Ce que j’ai lu
Le czar de Russie m’a profondément déçu ; je l’ai trouvé pignouf.
Gustave Flaubert
C’est une lettre à George Sand datée du 15 juin 1967, George Sand que Flaubert nomme « chère maître ». Alors que le grand auteur s’acharne à peaufiner son style, qu’il passe cinq ans à gueuler L’éducation sentimentale, qu’il en ressort avec au fond de l’âme une haine profonde de la petitesse bourgeoise, voilà qu’il se lâche et que cela fait le plus grand bien, semble-t-il même si soudain les malheurs s’accumulent, les amis meurent, la guerre survient, Flaubert se retrouve seul, son bouquin sur lequel il a tant sué reçoit un accueil mitigé, il se plaint de ne pas recevoir assez de visites de sa nièce et de sa chère amie de Nohant, il s’occupe de sa vieille mère et voudrait bien pouvoir écrire mais c’est peine perdue, alors ce sont des lettres qu’il pond, et lire ces lettres, c’est pénétrer dans l’atelier, dans la tête, dans le cœur de Flaubert et c’est peut-être ainsi qu’il faudrait entrer dans son œuvre, par ses à-côtés, par cette misanthropie de plus en plus franche, par la tendresse d’un oncle ganachon qu’on laisse se déplumer dans son coin mais qui nous, nous remplume.
Ce que j’ai vu
Dans Les 100 (je ne sais pas quelle saison, la quatre, je crois), l’ennemi, de plus en plus c’est l’IA : dans la Cité des Lumières, on ne souffre pas. C’est une utopie (demandez au pauvre Flaubert qui perd Bouilhet puis Duplan puis Sainte-Beuve puis Jules de Goncourt puis qui voit les Prussiens s’approcher de Croisset, ce que c’est que souffrir) mais un monde où l’on ne souffre pas c’est un monde où ceux qu’on a aimés on les oublie et ce n’est pas un monde vivable comme n’est pas vivable un monde où l’on ne meurt pas.
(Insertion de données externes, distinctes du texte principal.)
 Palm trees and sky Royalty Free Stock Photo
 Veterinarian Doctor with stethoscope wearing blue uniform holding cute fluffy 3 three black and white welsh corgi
Un monde où l’on ne souffre pas, c’est, dans Les 100, une dystopie. Raven s’en rend compte. Elle veut retrouver le souvenir de ses disparus.
Ce que j’ai entendu
Musicopolis, la musique dans la cité et cette question de la place des femmes dans l’histoire de la musique, leur place à la radio, au disque, au concert, leur place aussi dans les algorithmes. Depuis quelque temps, je lance l’algorithme systématiquement par une compositrice, jamais la même (cette mine, Que demander à Clara ?, je les prends dans l’ordre alphabétique, j’arrive bientôt à la fin de la lettre A) et ce qui suit ce sont toujours les sempiternels Bach (le père), Mozart (le frère) et compagnie, pas une seule femme, pas un seul retour de celles déjà découvertes (et déjà oubliées). L’algorithme est désespérément conservateur : non seulement les musiques de femmes sont invisibilisées mais c’est aussi le cas de la musique contemporaine (nombres de ces compositrices sont vivantes) qui nous renvoie encore et toujours aux éternels Schumann (le mari), Brahms (l’amoureux transi) et tutti quanti.
Ce que j’ai fait
Bien peu, malgré le temps propice des vacances. Des éclats et des égarements. Relecture au sabre de Fribourgs, difficulté à chanter l’intime d’une, formation lente des callosités aux doigts du guitariste trop amateur, montage de quelques vidéos (celle-ci que l’auteur me fait l’honneur de commenter, celles encore à venir), tentative infructueuse de compréhension d’un exercice censément heureux que m’a envoyé ma prof de clarinette juste avant sa fuite en Égypte, quelques notes prises au vol dans le carnet, mauvaises notes sans doute, occupations dilettantes, histoire de passer le temps sans sécher.